“I did, though, Teagan. He should be here. I wish he was still here.” I would trade places with him. Give up everything if I could. “I wish you could have met him.”
“Me too. Then your heart wouldn’t be so heavy all the time,” Teagan says softly.
It scares me how clearly she sees me. How much I want this. Her. Even though I deserve none of it. “I can’t—” I shake my head. “I can’t talk about this anymore, tonight. Can we just . . . I don’t want to think.”
Teagan’s teeth sink into her bottom lip. “Is this one of those times when it’s better just to feel?”
I lick my lips, my mouth dry. “Yeah, it’s one of those times.”
“Okay.” She stands and extends her hand. “Let me help you with that.”
She leads me upstairs, and behind closed doors she distracts me from the demons living in my head. But I still dream.
Because those demons might quiet every once in a while, but they never go away.
CHAPTER 20
THE FIGHT TO GET IN
Teagan
We don’t leave for Pearl Lake until late in the afternoon on Sunday. I can feel his walls going back up over the course of the day. Shutting himself off like he does. I want to find a way to slip through the cracks, but I don’t know how yet. He’s quiet for the first part of the drive.
“You okay?” I ask.
“Yeah. Leaving is always hard.”
“Because you miss them or because of the memories?” I’ve been tiptoeing around him all day, worried I’m going to set him off.
“Both, I guess.”
“It must be hard for you, coming here and then having to go back to Pearl Lake and pretend like everything is okay when it’s not.” I want to find a way to show him I understand. “I know it’s not the same thing, but it’s tough when Bradley calls. I want to be there for him, but it feels a lot like a betrayal to Van. You’re caught between two worlds, and you don’t want to let anyone down.”
“Do you even want to talk to Bradley, or is it that you don’t want to turn your back on him?” Aaron asks.
I consider that for a moment before I say, “Everyone makes mistakes, and no one should be alone. He’s already isolated as it is; I don’t want to have a hand in making him worse when I’m already part of the reason he is where he is.” I want to find a way to relate, to show him I see him and that he’s not alone either.
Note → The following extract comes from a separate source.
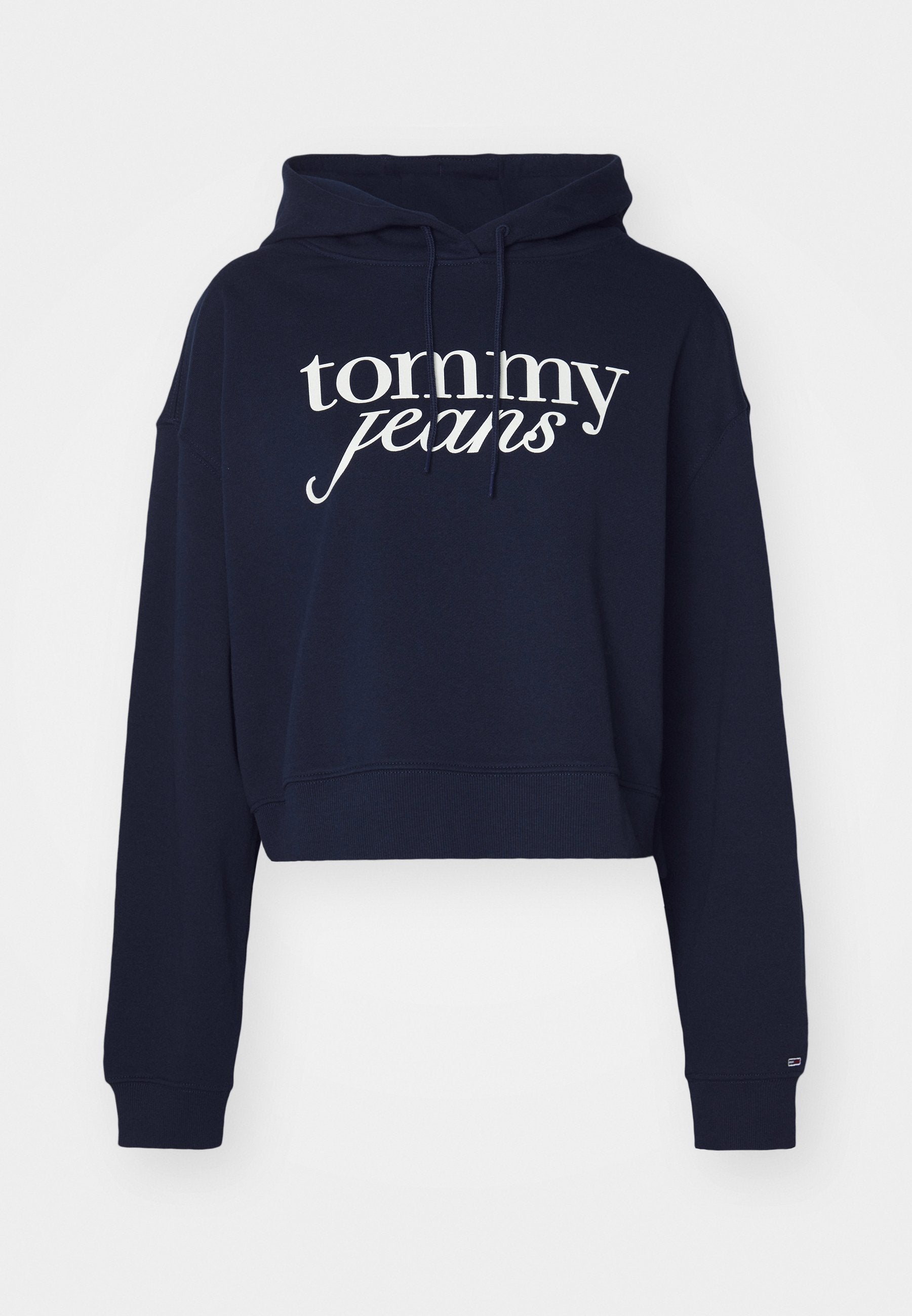 Marineblauer verkürzter Kapuzenpullover aus Baumwolle, mit einem weißen "tommy jeans" Logo, einer Kordelzugkapuze und gerippten Bündchen.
“You’re not the reason he’s behind bars. He tried to frame your brother,” Aaron points out.
“But I feel like I’m part of the reason. I helped put him where he is, and whether or not he deserves it, I still feel bad, just like you.”
He’s quiet for a few seconds before he says, “Lydia likes to paint me in a much nicer light than I deserve. I know you want to believe I’m this good guy, Teagan, but your brother being behind bars isn’t the same thing. I’m the reason my brother is dead.” He looks out the window, his face obscured by his ball cap.
I want to tell him to give himself some grace. It’s not his fault that Devon died, but I know better than to say something like that to him, aware that his guilt is stronger than anything else. Just like my dad’s guilt over losing my mother ruled him for nearly two decades. He still blames himself for the way Bradley turned out, and I think he probably always will, even though Bradley made his own choices, much like Devon and Lydia did that night. And I’ll always feel some guilt over where Bradley is, even if it isn’t my fault.
“Do you truly believe that?”
“Yeah. He’d still be alive if I’d gone out with him to find his phone.”
“You couldn’t have known he wouldn’t make it back inside,” I say gently and reach across the center console to touch him.
He yanks his arm away. “It should’ve been me. I should have gone out there. Then Jamie would have a fucking father and Lydia wouldn’t be a single fucking mom and my dad wouldn’t be minus a goddamn son!”
“I’m sorry.” I don’t know what else to say to make it better, and I have a feeling that no matter what I say, he’s going to find a reason to beat himself up.
“Sorry isn’t ever going to bring him back, so it’s a pretty fucking useless thing to be.”
I don’t try to coax him to talk for the rest of the drive home. His comment stings, but I know it’s not me he’s angry with. It’s himself. For letting me in. For losing someone he loves. For sharing a piece of himself and making himself vulnerable in the process.